*Exercise details:*
Write every record below out exactly; no images.

(Short text fragments from websites)
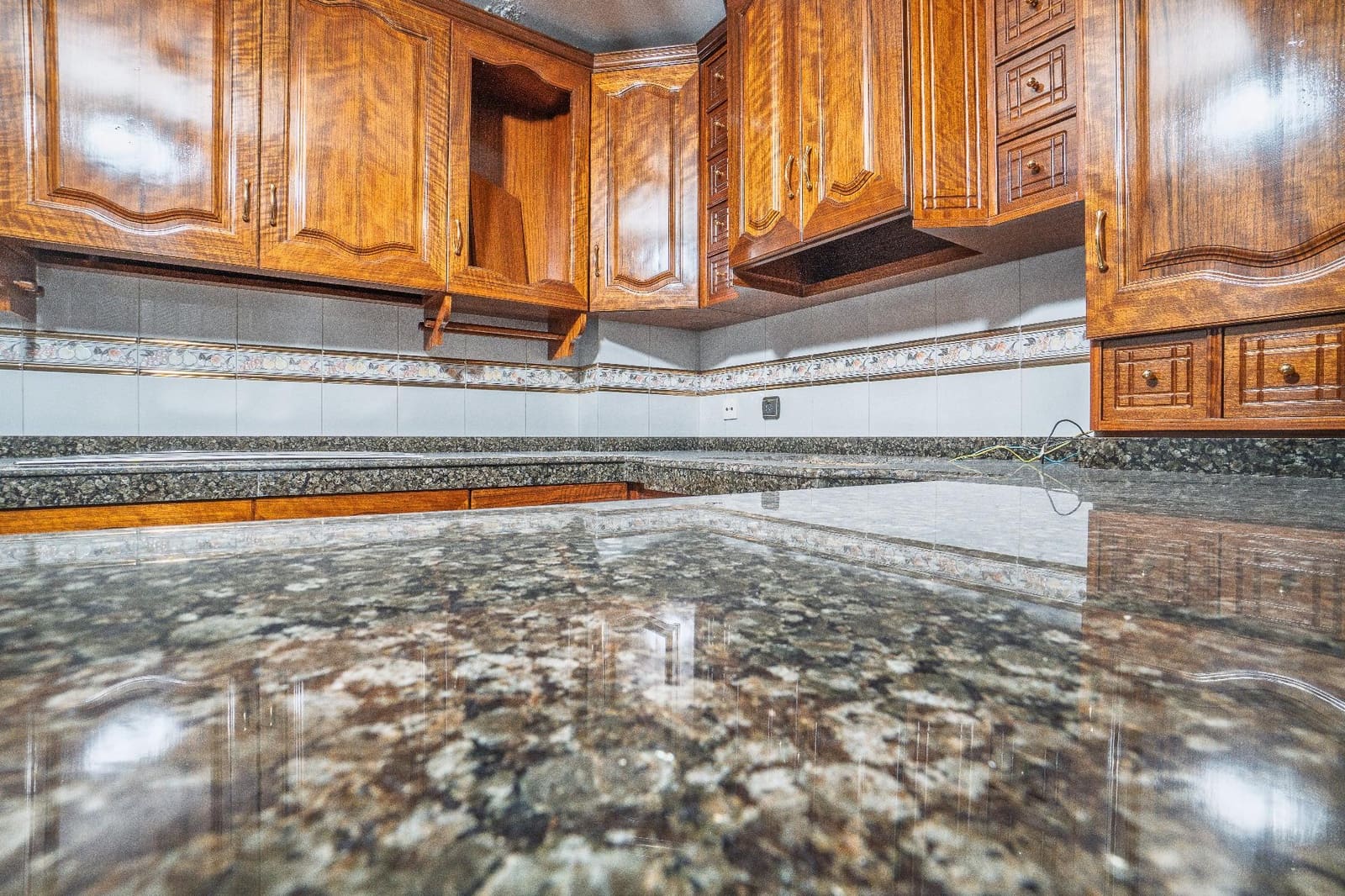 4 soverom Leilighet til salgs i Aspe - € 157 260 (Ref: 9422369)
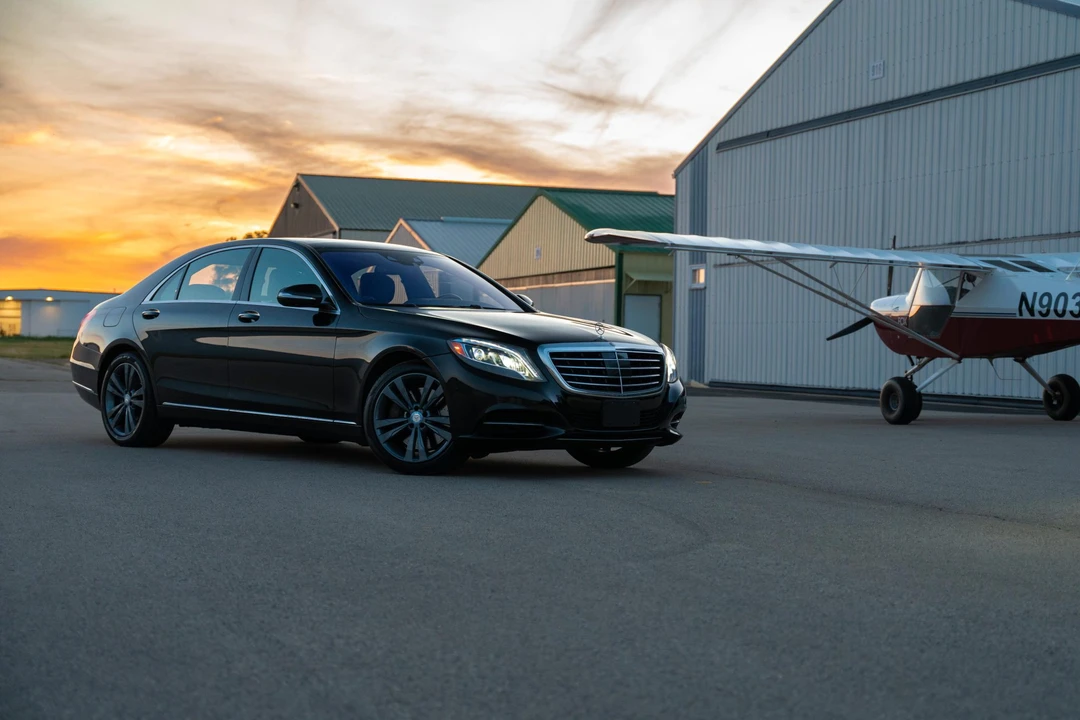 2015 Mercedes-Benz W222 S-Class - Image 20 of 31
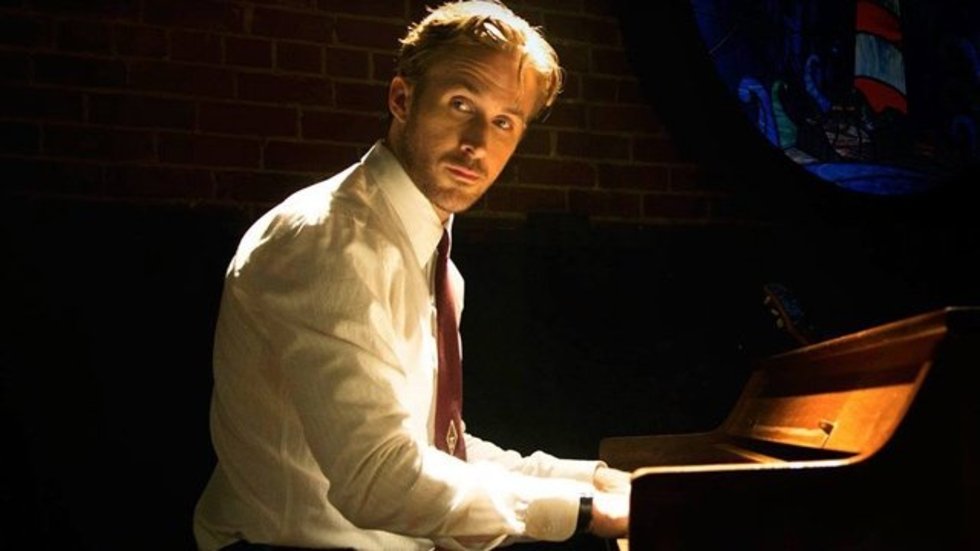gosling piano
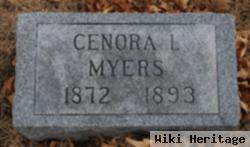 Cenora I Myers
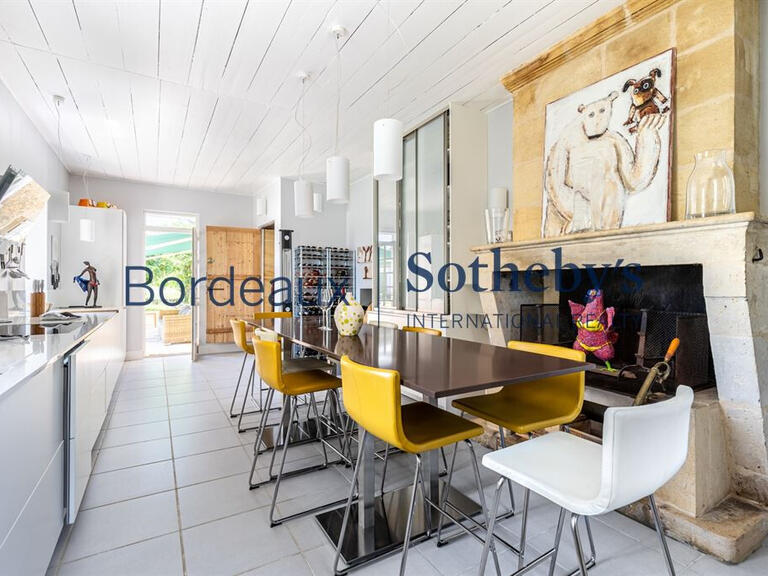 Vente Maison Bordeaux - 4 chambres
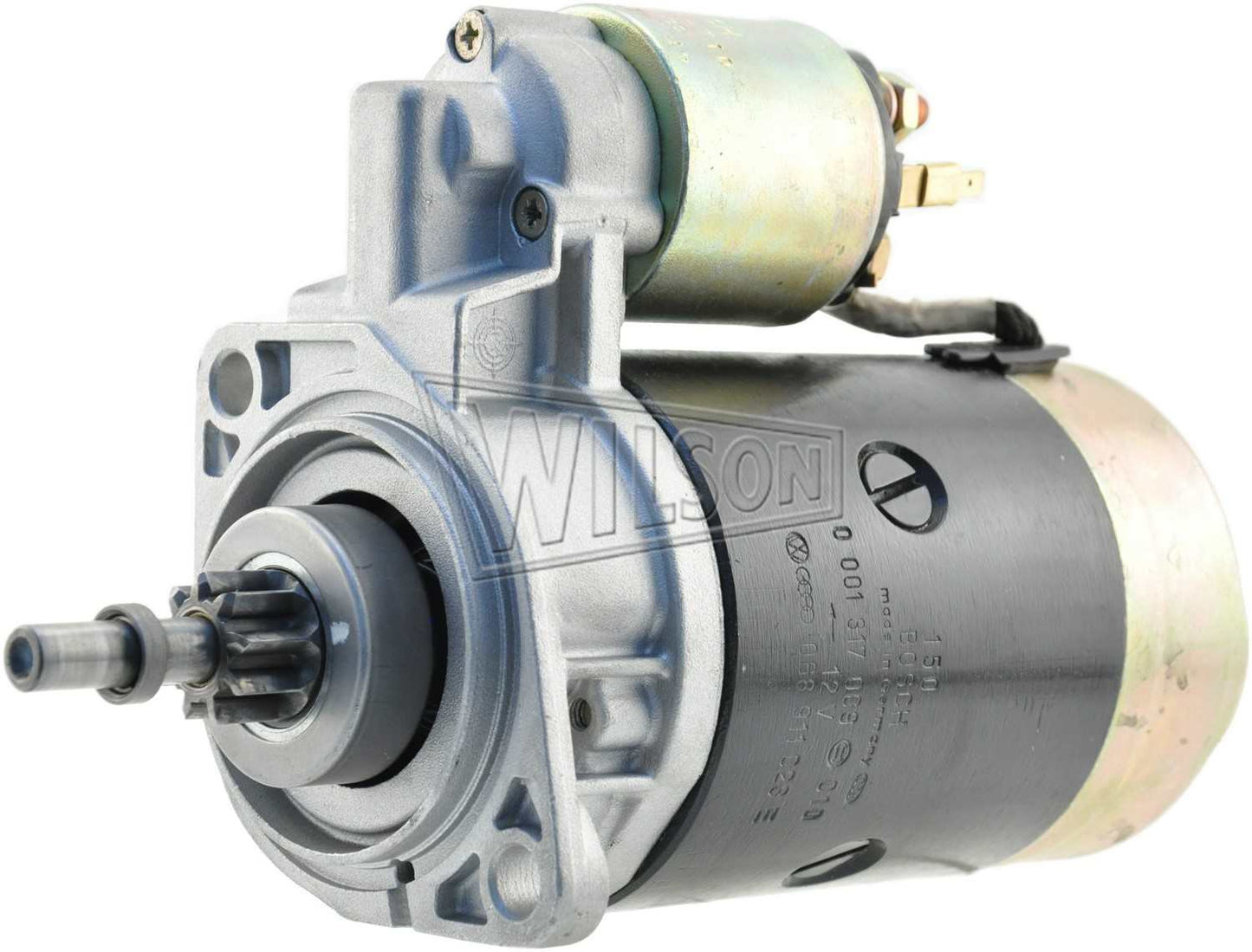 BBB Industries 91-15-6889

*Task result:*
 4 soverom Leilighet til salgs i Aspe - € 157 260 (Ref: 9422369)
 2015 Mercedes-Benz W222 S-Class - Image 20 of 31
gosling piano
 Cenora I Myers
 Vente Maison Bordeaux - 4 chambres
 BBB Industries 91-15-6889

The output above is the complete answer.